In a letter released on Thursday, the Ethics panel declared that the “committee finds that you did solicit federal campaign contributions and otherwise impermissibly conducted campaign activity in a federal building.”

The letter is signed by both Chair Chris Coons (D-Del.) and ranking member Sen. James Lankford (R-Okla.), who lead the evenly divided panel with three Democrats and three Republicans.

The admonition is centered on a nine-minute interview with Fox News in the Russell rotunda on November 30, 2022, in which Graham directly solicited campaign contributions on behalf of Walker, mentioning his campaign website five separate times.

“Go to team Herschel.com.

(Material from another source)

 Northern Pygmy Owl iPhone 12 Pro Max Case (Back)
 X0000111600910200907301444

If you can give five or ten bucks, it will help him close the gap,” referring to Walker, the GOP candidate who eventually lost to Democrat Raphael Warnock in Georgia’s December 6th Senate run-off.

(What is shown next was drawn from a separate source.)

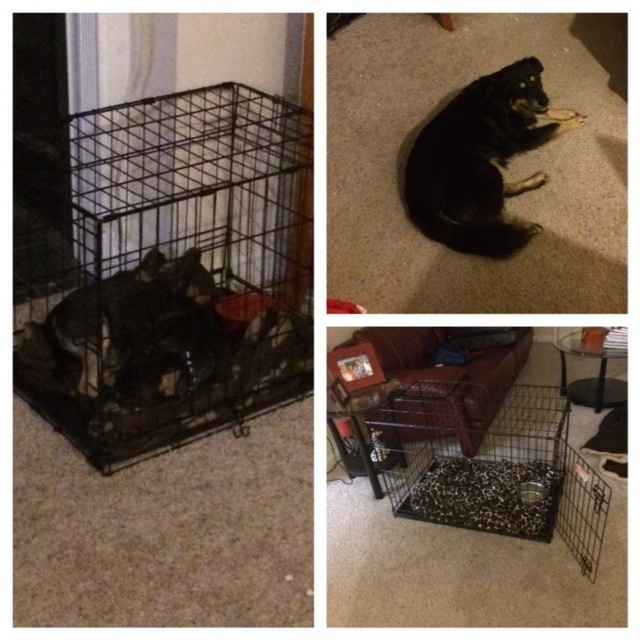 We havent had a pet post in a minute.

"It was a mistake. I take responsibility. I will try to do better in the future" Graham said in a statement to POLITICO on Thursday evening.

Following the November interview, Graham promptly contacted Coons and Lankford to express regrets that he had not fully considered the impacts of the interview being conducted on federal property.

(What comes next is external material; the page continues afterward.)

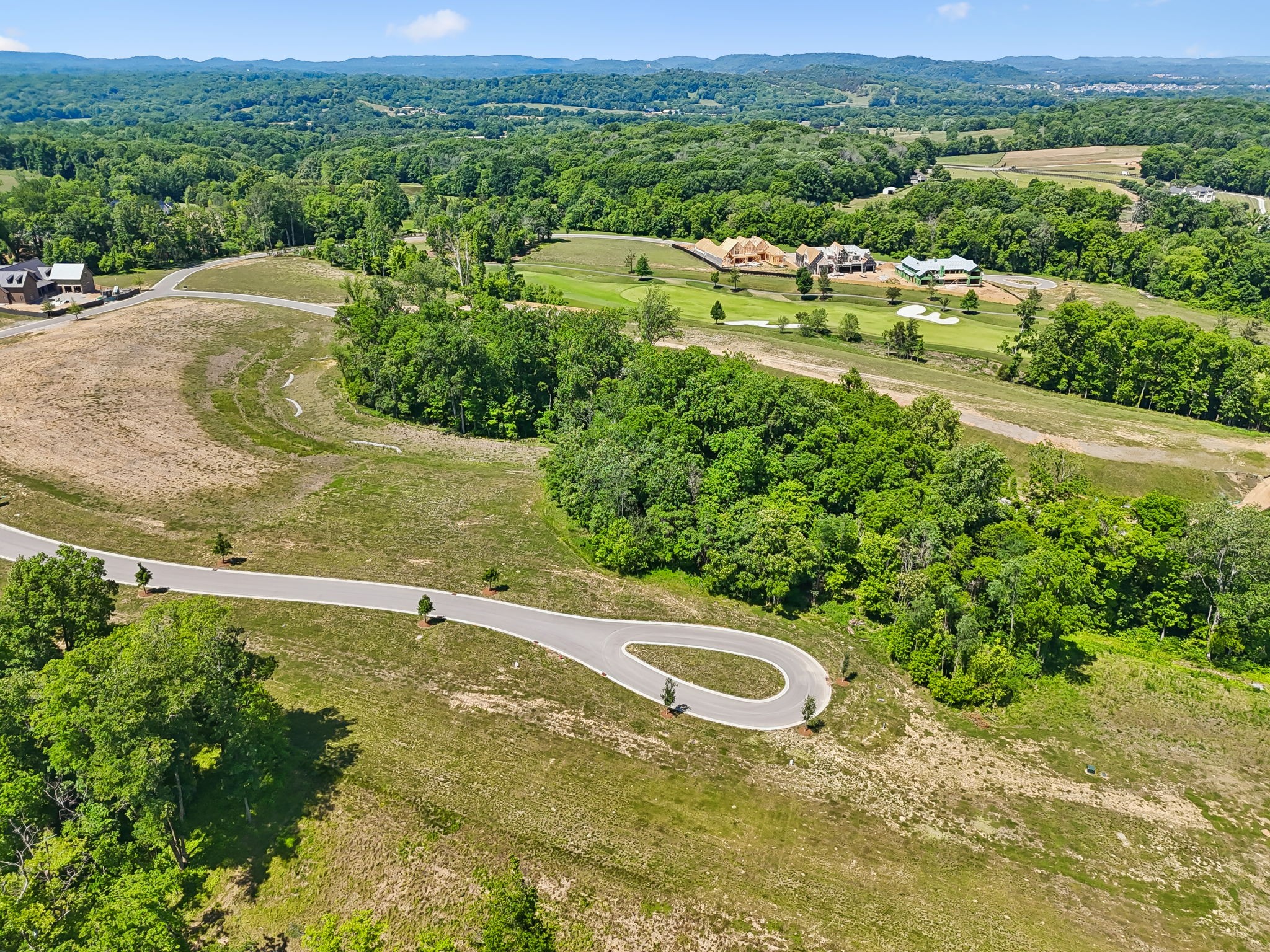 8386 Six String Drive Lot 1207 College Grove TN 37046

The public action against Graham is based on it being a repeat offense. The letter reveals that on October 14, 2020, Graham directly solicited campaign contributions for his own campaign committee during an interview in a Dirksen hallway following a Judiciary Committee hearing.

At the time, the Senate Ethics panel considered it a violation but given “several mitigating factors” determined the infraction “inadvertent, technical, or otherwise of a de minimis nature” and dismissed it with a private letter to Graham.

The last public letter of admonition issued by the panel was against Democratic Sen. Bob Menendez (N.J.) over his relationship with a close friend and donor, Dr. Salomon Melgen in 2018. It followed a mistrial in a federal corruption case against the New Jersey Democrat. Before that, the last senator to receive a formal admonishment from the panel was former GOP Sen. Tom Coburn of Oklahoma in 2012.